Awoulaba: Celebrating African Beauty and Culture

Awoulaba: Celebrating African Beauty and Culture

This time, we're celebrating a country from West Africa. A country that is known for Cocoa beans, its football team, and of course was known for hosting one of the largest elephant populations in Africa. It's Ivory Coast (Cote d'Ivoire).

As SAS Corner is inspired by African cultures, we are always looking for ways to celebrate the beauty and diversity of this rich and vibrant continent. One of the cultural phenomena that has captured our attention is the Awoulaba, a term from the Baoule tribe in Ivory Coast that means "Queen of Beauty."

In the 1980s, the popularity of the Awoulaba coincided with the first edition of the "Miss Awoulaba" beauty contest. Women with generous curves were celebrated for their beauty and confidence, challenging narrow beauty standards that had long excluded them. Today, the term Awoulaba is used to describe women of all sizes who exude confidence and radiance.

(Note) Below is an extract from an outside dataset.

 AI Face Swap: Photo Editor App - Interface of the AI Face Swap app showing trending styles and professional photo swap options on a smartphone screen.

At SAS Corner, we are inspired by the Awoulaba's celebration of African beauty and culture. We believe that fashion should be inclusive and celebrate diverse body types and sizes. Our designs aim to capture the flowing, colorful elements of the traditional Awoulaba dance, using traditional African prints and motifs that represent the vibrancy and energy of African cultures.

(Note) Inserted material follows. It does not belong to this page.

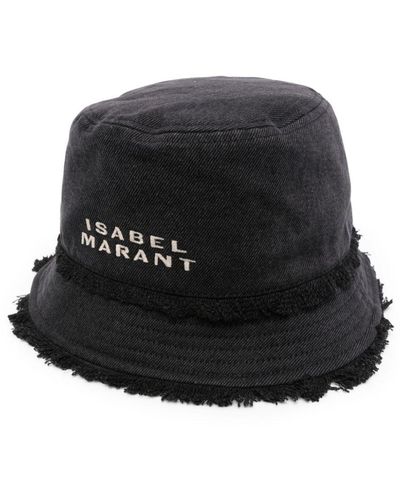 Isabel Marant Logo-embroidered Denim Bucket Hat - Black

In the Awoulaba pattern, we use geometric shapes to represent the intricate movements and patterns of the Awoulaba dance, and to represent a variety of concepts such as balance, harmony, and rhythm. Shapes can be seen as flowers as they are a symbol of beauty and vitality in many African cultures, and flowers can be seen in many clothing designs around Africa which always brings joy and energy.

You can also see how the shades of the colors yellow, purple and pink are used in our Awoulaba pattern to create a sense of cultural relevance and authenticity, while also celebrating the beauty and diversity of African cultures. Yellow can represent joy and happiness, while purple can represent royalty and nobility. Pink can also represent femininity and beauty.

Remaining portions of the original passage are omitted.